İçinde yaşadığımız toplumda nice insanlar vardır ki, konuştuğunuz zaman içiniz açılır; moral, şevk ve heyecan duyarsınız. Niceleri de vardır ki, konuştukları zaman içiniz kararır, şevkiniz söner, moral ve hizmet etme heyecanınız neyiniz varsa hepsini siler süpürür, kolunuzu kanadınızı kırarlar.
İkinci tip insanlar, iyilik zannıyla fenalık yaparlar da farkına bile varmazlar. “Ümitvar olunuz! Şu istikbal inkılabı içinde en yüksek gür seda, İslâm’ın sedası olacaktır.”gerçeğinin tahripçileridir. Her şeye olumsuz ve memnuniyetsiz bir gözle baktıklarından, kendi âlemleri de karanlık ve memnuniyetsiz insanlardır.

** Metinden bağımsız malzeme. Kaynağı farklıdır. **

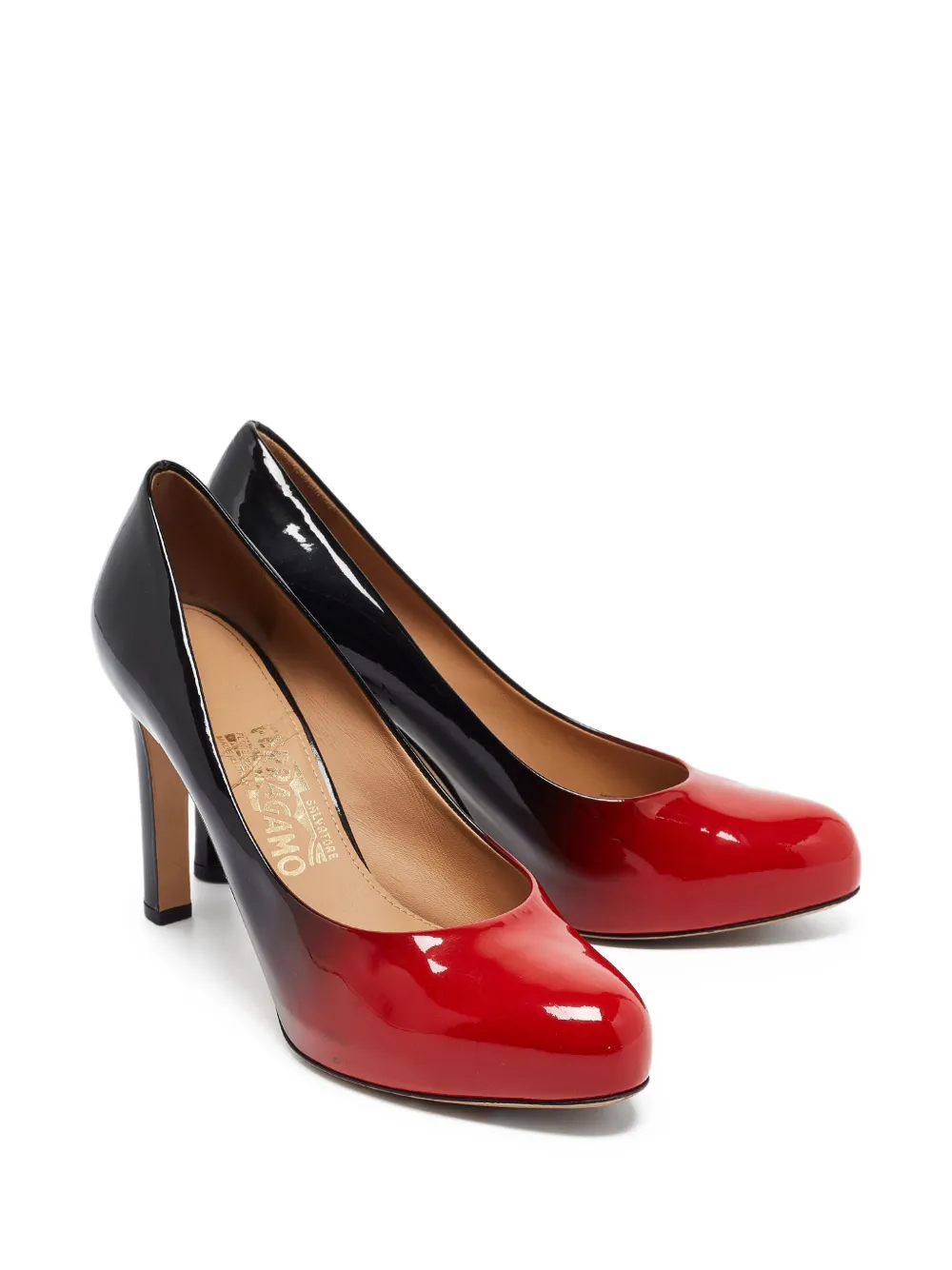 Ferragamo Pre-Owned 100mm patent-finish heeled pumps | Image 2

Elbette bir hizmette ve cemaatte her şey güllük gülistanlık değildir. İnsan unsurunun olduğu her yerde bir takım olumsuzluklar kaçınılmazdır. Hizmetin eksik ve noksan taraflarının olması tabiidir.
Ancak, olumsuzluklar yanında onlardan daha fazla olumlu cihetler de vardır. Onları görmezlikten gelmek hakperestlik değildir. Bütün noksanlıklardan beri olmak cennetin özelliklerinden ve her mükemmelin içine bir noksanı karıştırmak bu dünyanın hususiyeti olmasından dolayı, güzellik-çirkinlik, iyilik-fenalık, kemal-noksan burada birbiri içine girmiş. İmtihanın gereği budur.
Sadece iyilik ve güzellikleri görüp, her şeyi toz pembe göstermek, eksikleri göz ardı etmek ve düzeltmeye çalışmamak doğru olmadığı gibi; yalnız noksanlıkları görüp, hiç iyilik ve güzellik yokmuş gibi görüp göstermek de doğru bir yaklaşım değildir.
Bu itibarla, ifrat ve tefritten uzak olarak, mükemmel ve güzel cihetleri görüp, daha güzel şeylere ulaşmak için gayret ve şevke gelmeli ve eksik cihetleri de görüp tamamlama cihetine gidilmelidir. Özellikle, daha fazla şevk ve ümit veren şeyler nazara verilmelidir. Bu prensip, hayatın bütün alanlarında, aile hayatından en geniş dairelere kadar uygulanabilir.